At the same time, the use of boosters in the high AI group showed a marginally significant increase (β₃ = +0.93, p = 0.08), with conclusive expression significantly increasing (β₃ = +0.78, p = 0.02), reflecting the strengthening effect of Generative AI on argumentative force. Additionally, attitude markers overall decreased (β₃ = –0.67, p = 0.02), but evaluative expression significantly increased (β₃ = +0.67, p = 0.02), suggesting that Generative AI tends to promote objective expression rather than emotional or stance-based expression.
Regarding self-mentions, the use of authorial identity markers in the high AI group significantly increased (β₃ = +0.62, p = 0.01), while changes in first-person singular and plural were not significant (p > 0.05). This suggests that Generative AI favours implicit identity construction (e.g. ‘this study’ instead of ‘I argue’).
Cross-group comparisons further reveal the heterogeneity of the high/low AI groups’ responses to the technology (see Table 7). The high AI group’s use of hedges significantly decreased by 14.8%, while the low AI group only saw a 1.0% decrease, resulting in an inter-group difference of –13.8% (p < 0.01). In terms of boosters, the high AI group’s usage increased by 11.2%, significantly higher than the low AI group’s 2.5% increase (inter-group difference: +8.7%, p = 0.08). The use of attitude markers decreased by 10.8% in the high AI group, significantly higher than the low AI group’s 1.7% decrease (inter-group difference: –9.1%, p = 0.02). However, there was no significant difference in the change of self-referential expressions between the high/low AI groups (inter-group difference: +6.3%, p = 0.34), although the high AI group’s author identity markers significantly increased (β3 = + 0.62, p = 0.01).
The moderating mechanisms of topics and methodology (RQ3)
The extended DiD model results (see Table 8) show that, in the core effect, Generative AI significantly reduced the use of hedges in the high AI group (β3 = –1.75, p < 0.01), especially in theses related to corpus linguistics, where the reduction in hedges was more pronounced (interaction term β = –0.43, p < 0.05). This indicates that Generative AI tends to optimise the argumentative logic of technical topics. Additionally, the reduction trend of attitude markers was more evident in papers employing empirical research methods (β = +0.17, p > 0.05), suggesting that Generative AI may promote objective expression through standardised writing processes.
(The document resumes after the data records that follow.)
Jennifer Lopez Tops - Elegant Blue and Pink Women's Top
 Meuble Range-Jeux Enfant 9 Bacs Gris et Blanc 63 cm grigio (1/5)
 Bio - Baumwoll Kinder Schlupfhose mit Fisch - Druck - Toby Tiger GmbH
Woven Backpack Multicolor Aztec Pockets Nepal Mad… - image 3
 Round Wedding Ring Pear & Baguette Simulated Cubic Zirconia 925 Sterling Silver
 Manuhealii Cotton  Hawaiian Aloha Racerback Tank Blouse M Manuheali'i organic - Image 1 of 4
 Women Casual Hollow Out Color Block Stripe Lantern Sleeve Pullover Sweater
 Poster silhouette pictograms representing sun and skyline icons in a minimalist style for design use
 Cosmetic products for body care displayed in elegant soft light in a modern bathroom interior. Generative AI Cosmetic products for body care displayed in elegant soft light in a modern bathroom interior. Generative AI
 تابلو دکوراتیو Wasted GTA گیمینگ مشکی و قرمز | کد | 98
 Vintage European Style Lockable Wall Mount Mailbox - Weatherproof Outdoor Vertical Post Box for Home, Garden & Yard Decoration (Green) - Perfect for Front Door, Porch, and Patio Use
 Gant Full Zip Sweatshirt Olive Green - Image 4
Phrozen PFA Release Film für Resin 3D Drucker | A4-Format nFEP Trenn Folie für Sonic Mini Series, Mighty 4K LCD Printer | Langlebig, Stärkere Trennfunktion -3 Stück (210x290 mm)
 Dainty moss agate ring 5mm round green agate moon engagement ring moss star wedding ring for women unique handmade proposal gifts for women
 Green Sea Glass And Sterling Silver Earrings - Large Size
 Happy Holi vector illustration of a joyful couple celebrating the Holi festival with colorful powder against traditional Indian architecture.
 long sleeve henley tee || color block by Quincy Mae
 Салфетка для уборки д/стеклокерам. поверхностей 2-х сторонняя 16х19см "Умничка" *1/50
Meanwhile, the impact of Generative AI on boosters did not reach a significant level (β3 = +0.85, p > 0.05), but the increase in conclusive expressions (β3 =+0.78, p = 0.02) was significant, indicating that Generative AI may enhance argumentative strength by reinforcing conclusive statements. For self-referential expressions, the impact of Generative AI did not reach a significant level (β3 = +0.18, p > 0.05), but the increase in author identity markers was significant (β3 = +0.62, p = 0.01), suggesting that Generative AI tends to build implicit author identities.
In summary, the impact of Generative AI on stance construction in high AI exposure subfields is significantly different from that of the low AI group. This is mainly reflected in the reduction of hedges, the increase in boosters and evaluative expressions, and the strengthening of author identity markers. These heterogeneous changes reflect the influence of Generative AI on the academic writing style of high AI groups, especially in optimising argumentative logic and objectivity.
Qualitative textual analysis
To complement the macro-level trends identified through quantitative analysis, this study selected representative papers from high- and low-AI exposure subfields for in-depth textual comparison, aiming to uncover the micro-level mechanisms through which Generative AI influences stance expression in academic writing. The following examples, drawn from the introduction sections of doctoral theses published in 2023 (AI diffusion period) and 2019 (pre-AI adoption period), illustrate specific patterns of linguistic evolution:
Example 1: Transformation of Stance Expression in a High-AI Exposure Subfield (Computational Linguistics)
2023 Thesis (AI Diffusion Period)
‘The proposed neural architecture clearly demonstrates superior performance in syntactic parsing tasks (F1 = 0.92), which conclusively validates our hypothesis. It is noteworthy that previous approaches (e.g. rule-based systems) failed to achieve comparable accuracy under the same experimental conditions. ’
2019 Thesis (Pre-AI Adoption Period)
‘Our preliminary results suggest that the hybrid model may potentially improve parsing accuracy, though further validation is required. We tentatively argue that traditional rule-based systems might have limitations in handling complex syntactic variations. ’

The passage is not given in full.